What to produce. Though the entries contain pictures, the copy you make should hold only the rest, exactly as written.

Data supplied.
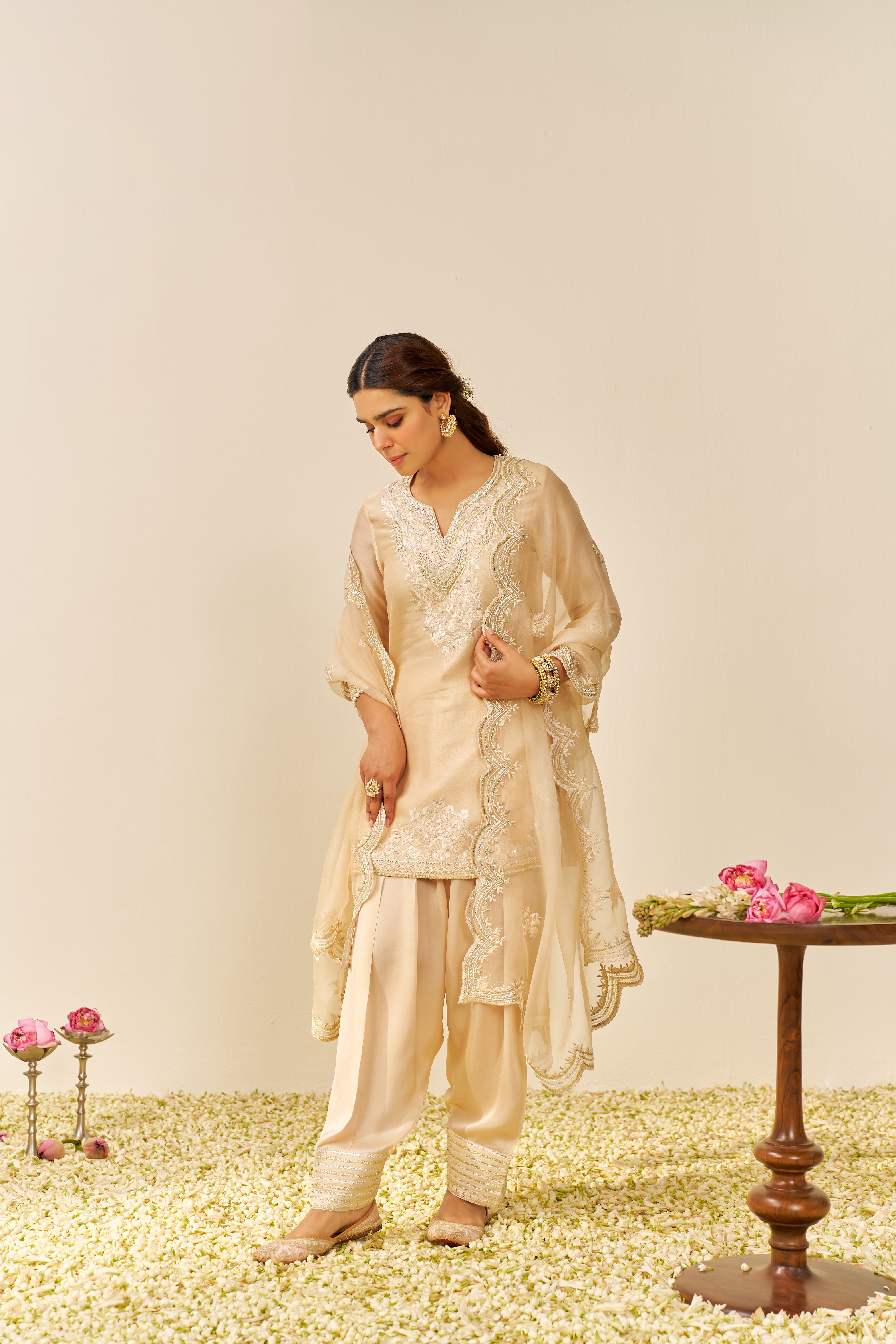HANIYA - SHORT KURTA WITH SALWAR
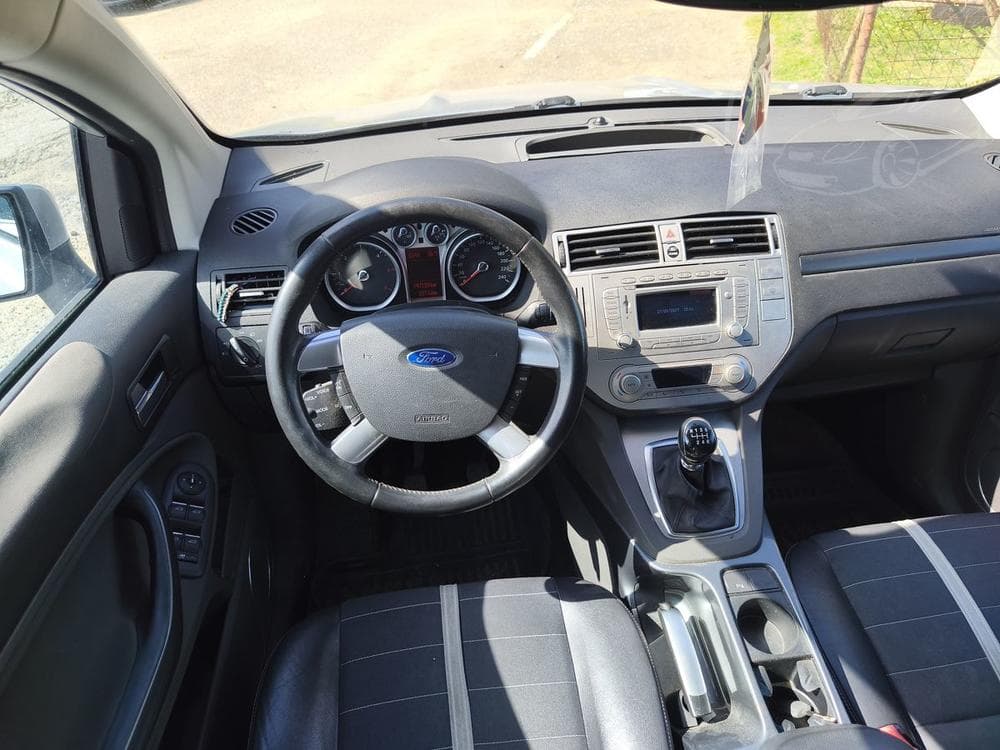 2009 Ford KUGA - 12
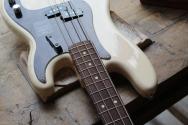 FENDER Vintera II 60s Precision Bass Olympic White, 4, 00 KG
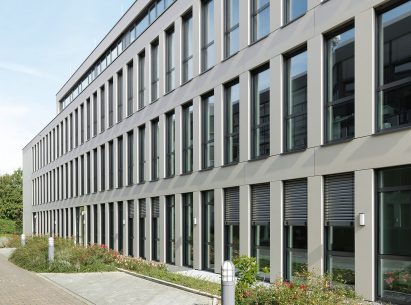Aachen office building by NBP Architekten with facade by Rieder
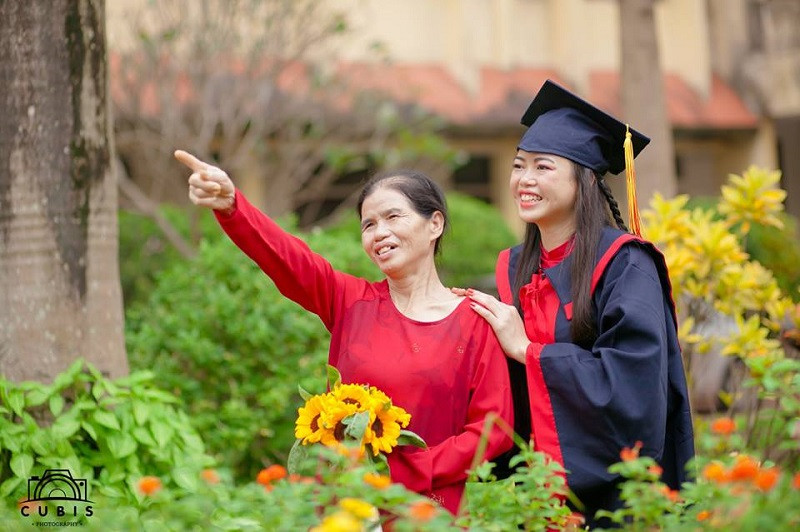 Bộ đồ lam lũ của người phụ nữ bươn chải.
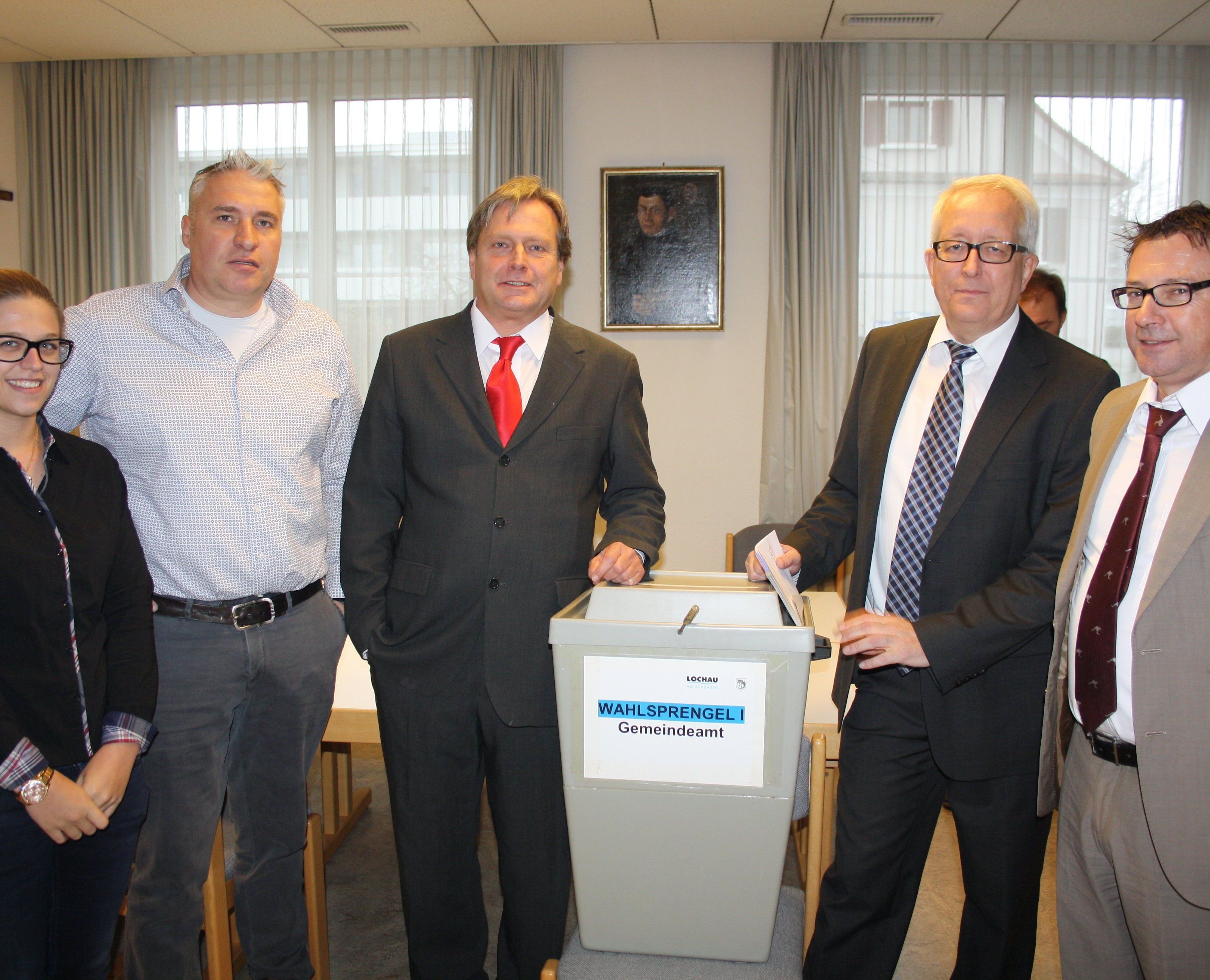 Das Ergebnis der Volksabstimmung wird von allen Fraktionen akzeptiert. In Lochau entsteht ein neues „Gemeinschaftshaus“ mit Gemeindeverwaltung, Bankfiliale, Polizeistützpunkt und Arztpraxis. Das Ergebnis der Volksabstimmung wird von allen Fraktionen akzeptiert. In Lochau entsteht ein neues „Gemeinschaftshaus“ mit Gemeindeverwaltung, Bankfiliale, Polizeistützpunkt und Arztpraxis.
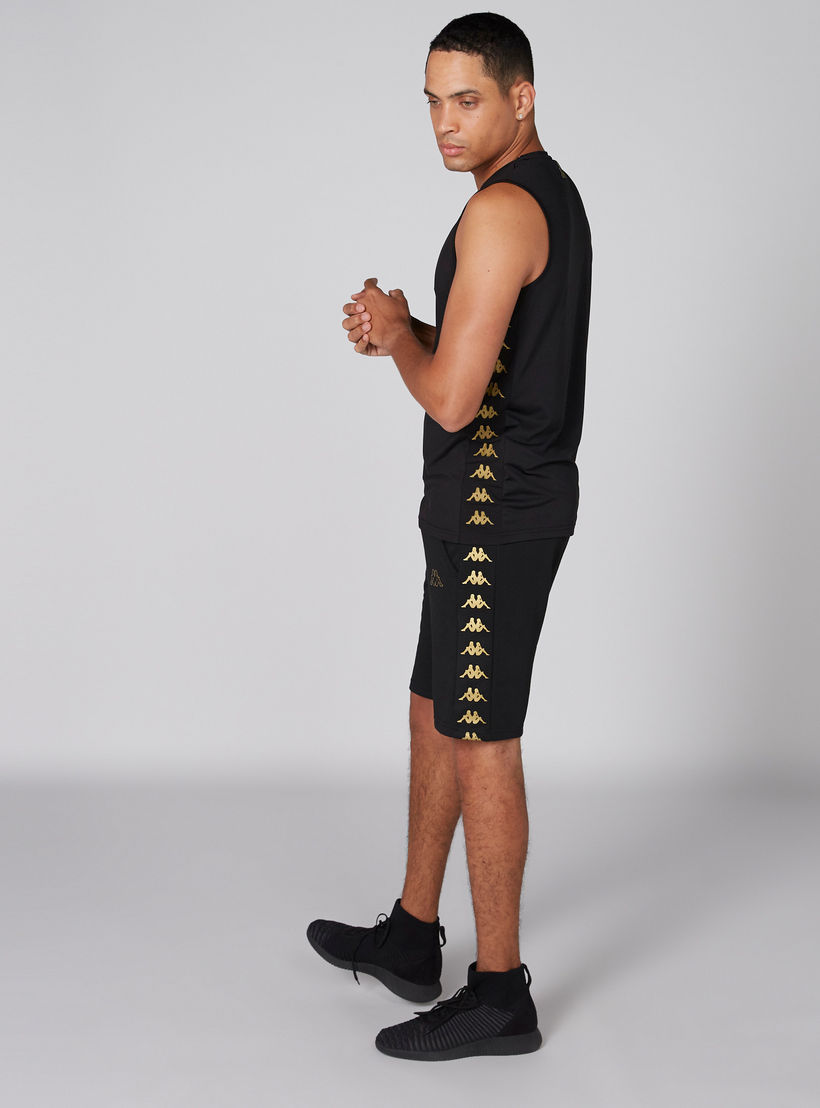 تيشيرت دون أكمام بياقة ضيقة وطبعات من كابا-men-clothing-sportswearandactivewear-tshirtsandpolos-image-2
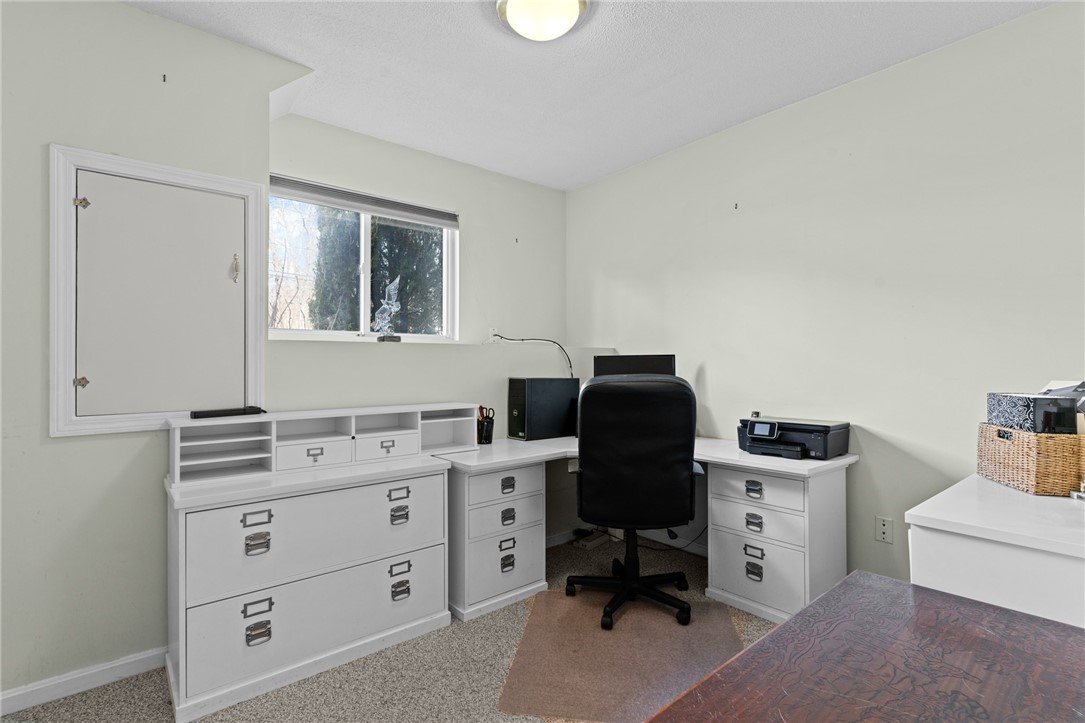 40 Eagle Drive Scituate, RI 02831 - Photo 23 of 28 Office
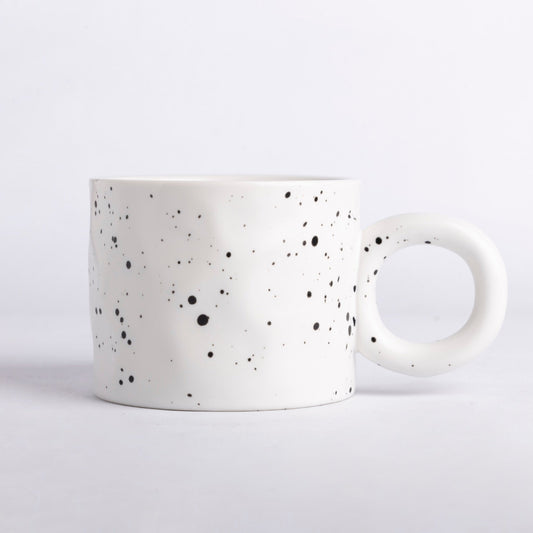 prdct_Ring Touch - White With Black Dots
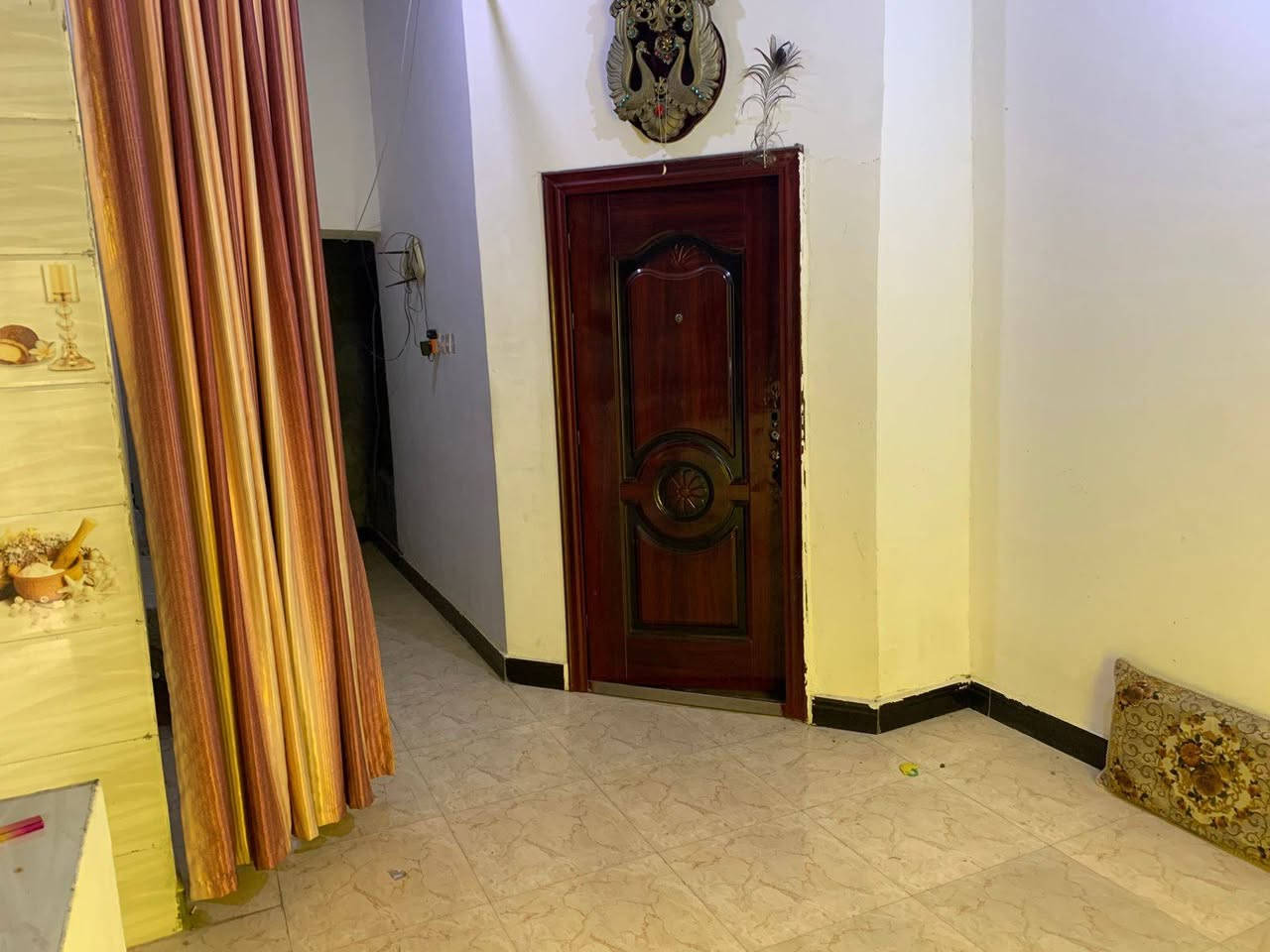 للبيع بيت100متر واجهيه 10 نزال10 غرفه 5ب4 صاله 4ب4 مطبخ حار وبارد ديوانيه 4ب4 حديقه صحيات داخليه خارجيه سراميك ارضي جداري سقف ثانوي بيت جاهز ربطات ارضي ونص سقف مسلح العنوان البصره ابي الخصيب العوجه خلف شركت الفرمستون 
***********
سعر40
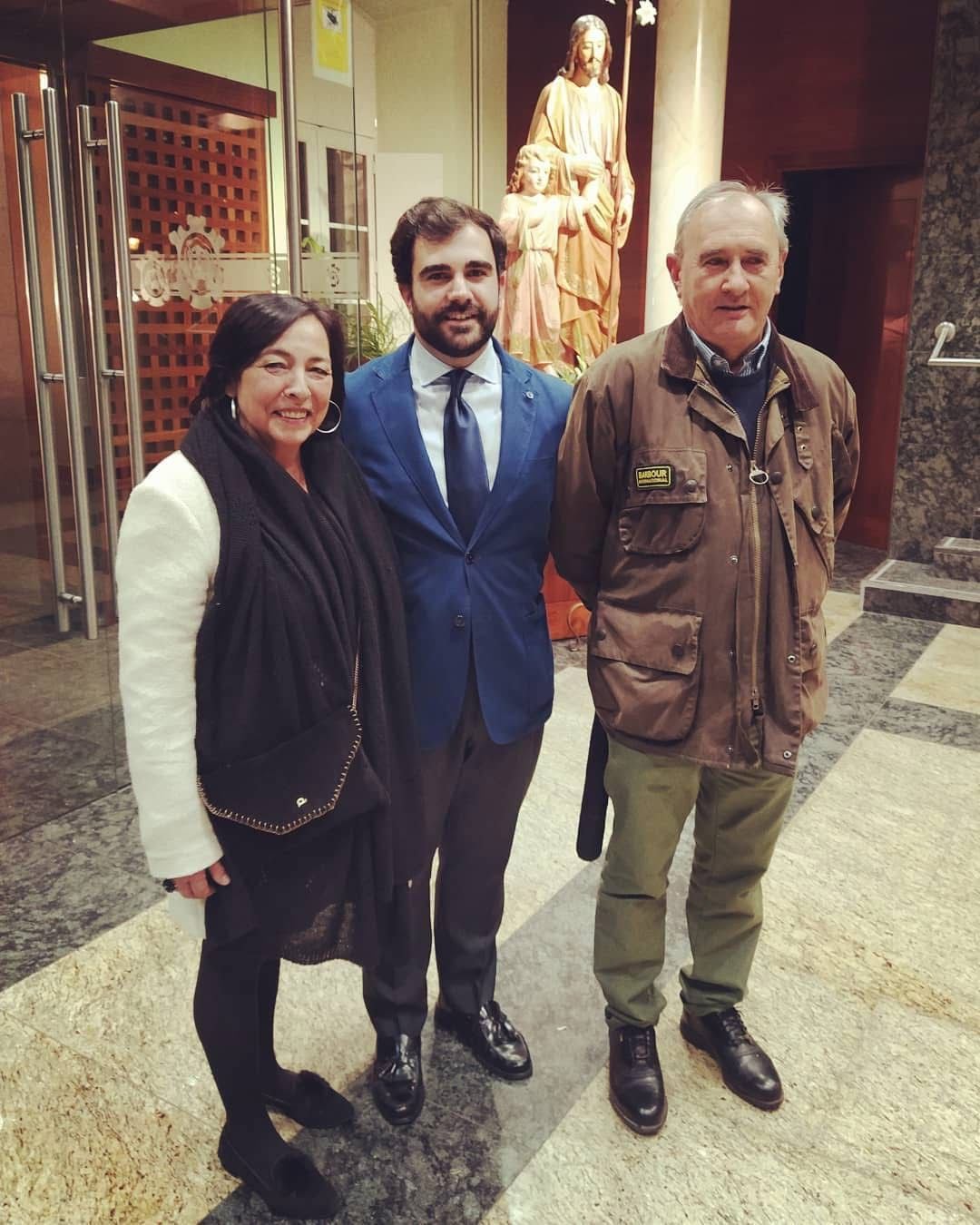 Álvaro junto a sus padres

Result below.
HANIYA - SHORT KURTA WITH SALWAR
 2009 Ford KUGA - 12
 FENDER Vintera II 60s Precision Bass Olympic White, 4, 00 KG
Aachen office building by NBP Architekten with facade by Rieder
 Bộ đồ lam lũ của người phụ nữ bươn chải.
 Das Ergebnis der Volksabstimmung wird von allen Fraktionen akzeptiert. In Lochau entsteht ein neues „Gemeinschaftshaus“ mit Gemeindeverwaltung, Bankfiliale, Polizeistützpunkt und Arztpraxis. Das Ergebnis der Volksabstimmung wird von allen Fraktionen akzeptiert. In Lochau entsteht ein neues „Gemeinschaftshaus“ mit Gemeindeverwaltung, Bankfiliale, Polizeistützpunkt und Arztpraxis.
 تيشيرت دون أكمام بياقة ضيقة وطبعات من كابا-men-clothing-sportswearandactivewear-tshirtsandpolos-image-2
 40 Eagle Drive Scituate, RI 02831 - Photo 23 of 28 Office
 prdct_Ring Touch - White With Black Dots
 للبيع بيت100متر واجهيه 10 نزال10 غرفه 5ب4 صاله 4ب4 مطبخ حار وبارد ديوانيه 4ب4 حديقه صحيات داخليه خارجيه سراميك ارضي جداري سقف ثانوي بيت جاهز ربطات ارضي ونص سقف مسلح العنوان البصره ابي الخصيب العوجه خلف شركت الفرمستون 
***********
سعر40
 Álvaro junto a sus padres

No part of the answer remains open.